* Exercise data *
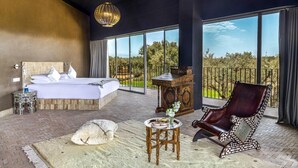 A bedroom with a large bed, a sitting area with a chair, a small table, and a view of the outdoors. - Villa Tacai - Six Bedroom Villa, Sleeps 12 (Sidi Youssef Ben Ali)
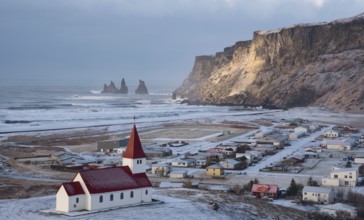 Vik Icelandic village in the Southeast Iceland covered in Snow in Spring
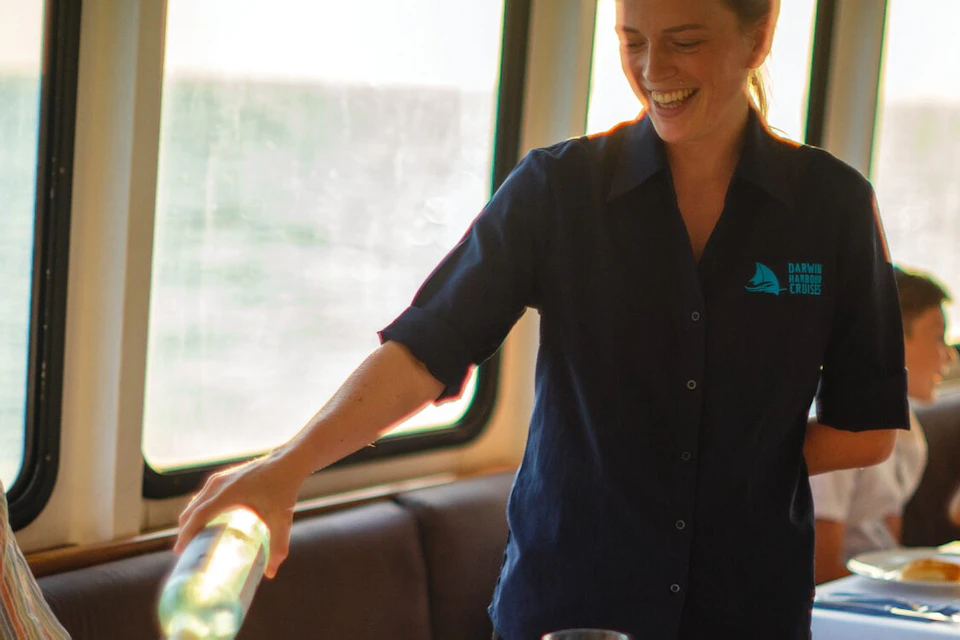 A smiling server in a blue shirt pouring wine for a seated diner in a well-lit dining area with tables set for a meal.
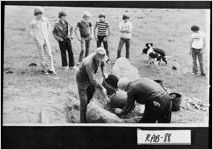 [Photograph of men starting a fire to make tar, Mountain City, Rabun County, Georgia, ca. 1970]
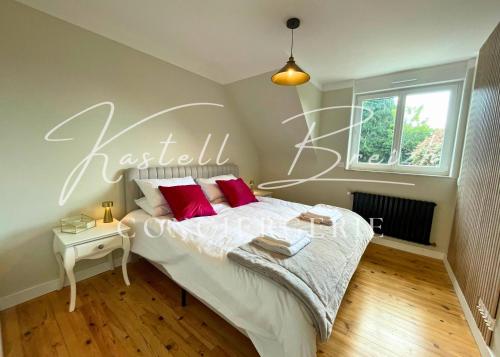 a bedroom with a bed with a heart sign on the wall at La maison de Maïe Bail in Ploumagoar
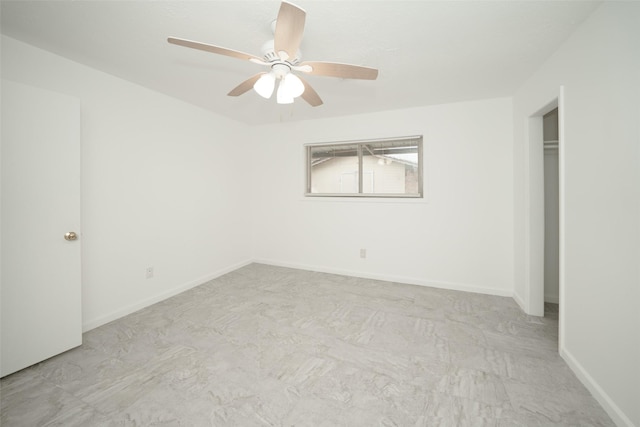 unfurnished bedroom featuring a ceiling fan, baseboards, and a closet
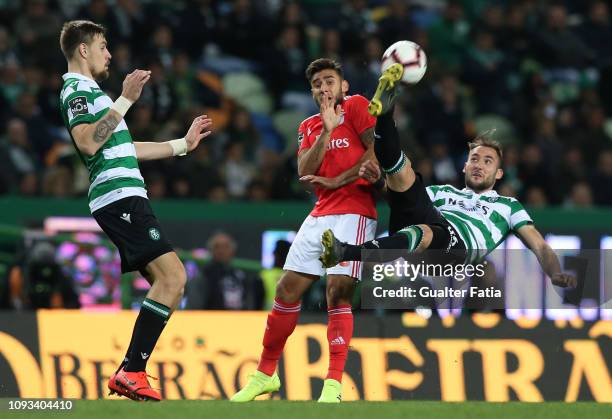 Nemanja Gudelj of Sporting CP with Eduardo Salvio of SL Benfica in action during the Liga NOS match between Sporting CP and SL Benfica at Estadio...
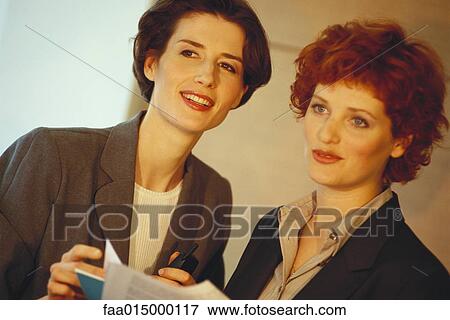 Stock Photo - Two business women, looking out of frame. Fotosearch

* Work required *
With the pictures left out, give again exactly the lines from the one that contains "[Photograph of men" through the final line of the data above.

* Result for this exercise *
 [Photograph of men starting a fire to make tar, Mountain City, Rabun County, Georgia, ca. 1970]
 a bedroom with a bed with a heart sign on the wall at La maison de Maïe Bail in Ploumagoar
 unfurnished bedroom featuring a ceiling fan, baseboards, and a closet
 Nemanja Gudelj of Sporting CP with Eduardo Salvio of SL Benfica in action during the Liga NOS match between Sporting CP and SL Benfica at Estadio...
 Stock Photo - Two business women, looking out of frame. Fotosearch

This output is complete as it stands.